The length of a ribbon cable is determined by the lower limit frequency, in which sufficient screening of interference waves is still required. she can therefore, as a rule, it is not used in the extended state, it is used instead z. B. rolled up like a wound capacitor into a coil, at the ends of which terminals are intended to be switched on in a line. It is important that the züi sifting current flows over the entire length of the line.

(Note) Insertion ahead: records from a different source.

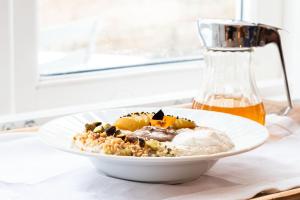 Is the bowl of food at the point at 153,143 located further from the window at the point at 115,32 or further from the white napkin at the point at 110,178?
the window at the point at 115,32

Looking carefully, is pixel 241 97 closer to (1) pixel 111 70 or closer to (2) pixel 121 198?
(2) pixel 121 198

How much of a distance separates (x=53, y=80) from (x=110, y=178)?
0.65 m

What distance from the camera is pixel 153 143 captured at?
2.97 feet

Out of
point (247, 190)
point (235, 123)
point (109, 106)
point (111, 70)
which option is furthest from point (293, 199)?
point (111, 70)

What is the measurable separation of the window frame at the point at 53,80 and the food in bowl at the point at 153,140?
1.71 ft

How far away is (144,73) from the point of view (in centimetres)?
169

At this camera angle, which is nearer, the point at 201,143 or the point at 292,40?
the point at 201,143

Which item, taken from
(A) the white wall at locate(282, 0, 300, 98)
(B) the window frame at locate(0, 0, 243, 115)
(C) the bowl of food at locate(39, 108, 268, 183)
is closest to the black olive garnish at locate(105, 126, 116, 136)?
(C) the bowl of food at locate(39, 108, 268, 183)

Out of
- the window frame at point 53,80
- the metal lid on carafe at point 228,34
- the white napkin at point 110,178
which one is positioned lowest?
the white napkin at point 110,178

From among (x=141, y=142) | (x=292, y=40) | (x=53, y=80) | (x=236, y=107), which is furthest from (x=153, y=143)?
(x=292, y=40)

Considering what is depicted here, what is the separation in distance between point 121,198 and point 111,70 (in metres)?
0.81

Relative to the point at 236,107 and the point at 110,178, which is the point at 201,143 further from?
the point at 236,107

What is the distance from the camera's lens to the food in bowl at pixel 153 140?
893mm

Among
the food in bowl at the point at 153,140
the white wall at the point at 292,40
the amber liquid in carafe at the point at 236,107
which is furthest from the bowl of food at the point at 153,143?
the white wall at the point at 292,40
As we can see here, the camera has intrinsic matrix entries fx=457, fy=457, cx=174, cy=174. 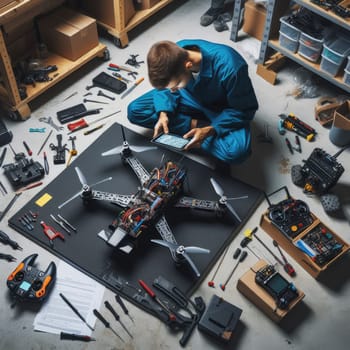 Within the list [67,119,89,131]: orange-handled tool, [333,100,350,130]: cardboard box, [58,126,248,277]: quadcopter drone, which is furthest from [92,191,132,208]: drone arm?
[333,100,350,130]: cardboard box

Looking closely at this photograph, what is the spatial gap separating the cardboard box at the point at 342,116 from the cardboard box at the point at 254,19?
101 cm

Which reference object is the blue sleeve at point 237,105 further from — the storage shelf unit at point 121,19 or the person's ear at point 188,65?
the storage shelf unit at point 121,19

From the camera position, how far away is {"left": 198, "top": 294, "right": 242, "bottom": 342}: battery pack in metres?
2.18

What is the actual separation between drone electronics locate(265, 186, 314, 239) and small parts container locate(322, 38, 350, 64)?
3.37ft

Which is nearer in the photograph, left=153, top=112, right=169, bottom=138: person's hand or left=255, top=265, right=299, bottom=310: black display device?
left=255, top=265, right=299, bottom=310: black display device

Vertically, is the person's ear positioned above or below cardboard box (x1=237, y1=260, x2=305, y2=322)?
above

Another, particularly expediently constructed, quadrupole attenuation is a concentric line according to FIG. 3. In this case, a conductor 30 carrying a current contaminated with interference waves has a thin ceramic layer 31 (e.g. barium fitanate v = 10,000) onto which a thin silver coating 32 is vapor-deposited or burned. The wave resistance of such a filter element with a diameter of the conductor 30 of 6 mm (75 Amp) and a barium titanate layer of 0.5 mm is -0.1 ohms, the reflection factor of such a quadrupole 99 connected in series in a line with a wave resistance of 60 ohms , 6 "/,).

The length of the concentric line results for a lower limit frequency of 3.5 MI-lz to 220 cm, so it remains within the limit. the dimensions of the previously common suppressors, but is much simpler in its construction and also has a much smaller volume than this.

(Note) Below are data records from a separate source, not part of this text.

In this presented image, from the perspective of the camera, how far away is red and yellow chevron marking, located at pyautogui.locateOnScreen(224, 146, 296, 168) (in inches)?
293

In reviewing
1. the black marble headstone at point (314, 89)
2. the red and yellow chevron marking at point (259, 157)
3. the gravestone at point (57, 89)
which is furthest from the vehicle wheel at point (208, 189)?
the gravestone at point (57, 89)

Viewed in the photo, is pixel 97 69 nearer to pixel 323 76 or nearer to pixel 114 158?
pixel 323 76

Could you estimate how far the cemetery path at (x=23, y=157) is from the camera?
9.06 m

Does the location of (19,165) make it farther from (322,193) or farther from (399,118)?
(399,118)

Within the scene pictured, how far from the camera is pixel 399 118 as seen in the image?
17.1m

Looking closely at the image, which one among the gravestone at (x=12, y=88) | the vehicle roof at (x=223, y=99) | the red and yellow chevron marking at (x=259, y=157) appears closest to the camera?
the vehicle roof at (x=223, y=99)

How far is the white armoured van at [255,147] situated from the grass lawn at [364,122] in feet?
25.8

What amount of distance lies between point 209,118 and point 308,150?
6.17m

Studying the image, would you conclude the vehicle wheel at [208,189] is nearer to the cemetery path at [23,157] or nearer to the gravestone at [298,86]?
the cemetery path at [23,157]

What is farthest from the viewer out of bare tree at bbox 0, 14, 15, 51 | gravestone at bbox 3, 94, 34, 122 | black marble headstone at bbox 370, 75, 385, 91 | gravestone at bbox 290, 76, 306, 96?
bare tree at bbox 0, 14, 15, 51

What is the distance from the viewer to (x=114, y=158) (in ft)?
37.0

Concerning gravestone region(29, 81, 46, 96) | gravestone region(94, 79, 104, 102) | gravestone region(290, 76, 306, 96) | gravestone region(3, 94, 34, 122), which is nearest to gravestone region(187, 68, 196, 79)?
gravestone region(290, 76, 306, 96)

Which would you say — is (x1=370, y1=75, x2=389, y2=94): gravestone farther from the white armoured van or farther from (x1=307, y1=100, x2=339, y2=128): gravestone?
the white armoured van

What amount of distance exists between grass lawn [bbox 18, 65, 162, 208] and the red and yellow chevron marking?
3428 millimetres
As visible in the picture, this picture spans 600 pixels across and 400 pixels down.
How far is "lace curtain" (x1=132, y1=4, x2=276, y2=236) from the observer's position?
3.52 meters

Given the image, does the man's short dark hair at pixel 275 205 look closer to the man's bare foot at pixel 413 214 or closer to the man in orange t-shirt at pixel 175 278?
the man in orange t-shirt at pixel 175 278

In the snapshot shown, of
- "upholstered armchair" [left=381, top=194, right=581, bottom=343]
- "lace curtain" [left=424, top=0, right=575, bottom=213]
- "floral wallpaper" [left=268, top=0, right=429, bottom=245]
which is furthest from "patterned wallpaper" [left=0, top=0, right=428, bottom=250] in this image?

Such four-pole damping find z. B. in alternator circuits of motor vehicles according to F i g. 4 Use. There the armature of a direct current generator with an output of 600 watts at 12 volts nominal voltage init -35, its field winding with 36 and a resistor connected in series with the field winding with 37 . A cooperating with the machine regulator switch comprises regulator contacts 38, 39, 40, a voltage coil 41, a Stroinspule 42 and switch contacts 43, 44. When the switch contacts 43, 44 are closed, a current flows from the alternator in a battery 45, over a four-pole damping pole 46, which is switched on between the switch 43, 44 and the battery 45 and as a concentric line as shown in FIG. 3 is formed with a length of 20 cm. The generally long line between switch 43, 44 and battery 45 is freed from interfering high-frequency oscillations by quadrupole 46, which may be caused by opening and closing sparks between switch contacts 43, 44 or regulator contacts 38, 39 and 40. With such an arrangement, the screen effectively extends far into the GHz range.

Claims (2)

Claims: 1. Device for filtering the outgoing from an electrical interference source and transmitted to a line floch frequency interference waves, in particular for interference suppression of motor vehicles, characterized in that in the outgoing line from the interference source in the immediate vicinity of the interference source a quadrupole is switched, the wave resistance of that of the line differs by two orders of magnitude or more. 2. Device according to claim 1, characterized indicates overall that the quadrupole with (resistive, magnetic, dielectric) is associated losses. 3. Device according to claim 1 and 2, characterized by its use in a spark plug connector (F i g. 1) which is provided with a metal jacket (11) and is designed as a quadrupole with a high wave resistance in the course of a spark plug connection line. 4. Device according to claim 3, characterized in that the quadrupole is designed as a helical conductor (12) with a shield (11) . 5. A device according to claim 3, characterized - in that the Weiidelleiter (12) is wound on a ferrite core. 6. Device according to claim 4 and 5, characterized in that the twisted helix (12) is built into an insulating sleeve (10) whose cavities, which are not filled by the helical conductor, are filled with casting resin (16) . 7. Device according to claim 1, characterized by a quadrupole formed as a straight concentric line (F i g. 3). - 8. Device according to claim 1, characterized by a quadrupole formed as a ribbon line (F i g. 2). 9, device according to claim 7 and 8, characterized. that the quadrupole contains a dielectric with a high dielectric constant. 10. Device according to claim 9, characterized by a quadrupole whose dielectric is afflicted with high dielectric losses.